-- What is being asked --
Please set down exactly the lines of the listing below from the line containing "Glossy Black Front" through the line containing "Explore mom tattoo", both lines included, leaving out all other lines.

-- Excerpted records --

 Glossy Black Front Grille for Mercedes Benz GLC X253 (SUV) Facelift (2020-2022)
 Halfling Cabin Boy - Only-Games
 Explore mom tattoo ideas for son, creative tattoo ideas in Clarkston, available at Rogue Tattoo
...
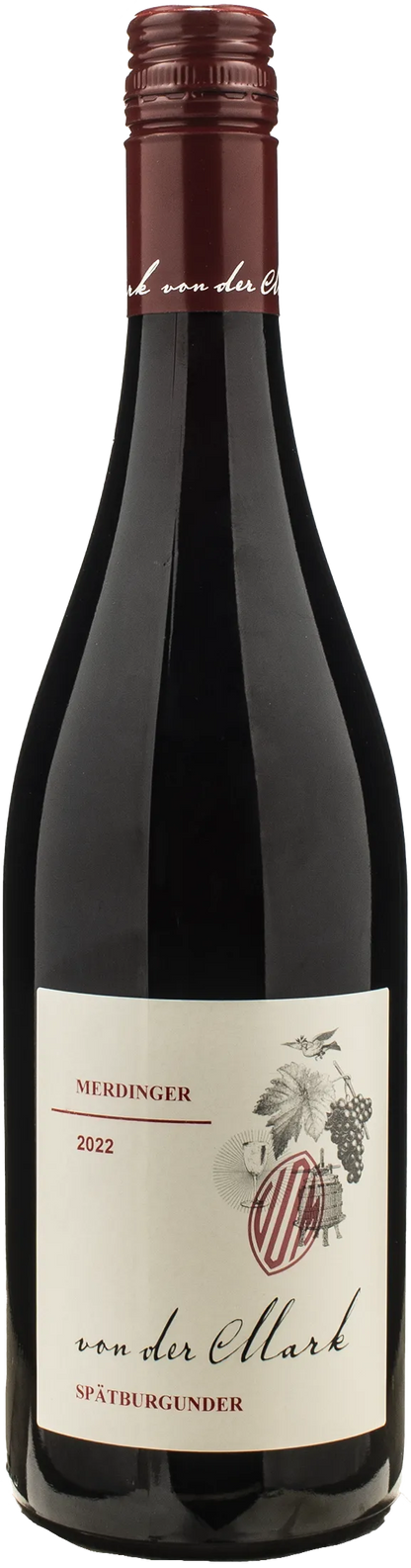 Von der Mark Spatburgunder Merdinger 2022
---
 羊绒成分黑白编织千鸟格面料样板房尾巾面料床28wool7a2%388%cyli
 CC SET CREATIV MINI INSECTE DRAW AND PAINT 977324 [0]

-- Task output --
 Glossy Black Front Grille for Mercedes Benz GLC X253 (SUV) Facelift (2020-2022)
 Halfling Cabin Boy - Only-Games
 Explore mom tattoo ideas for son, creative tattoo ideas in Clarkston, available at Rogue Tattoo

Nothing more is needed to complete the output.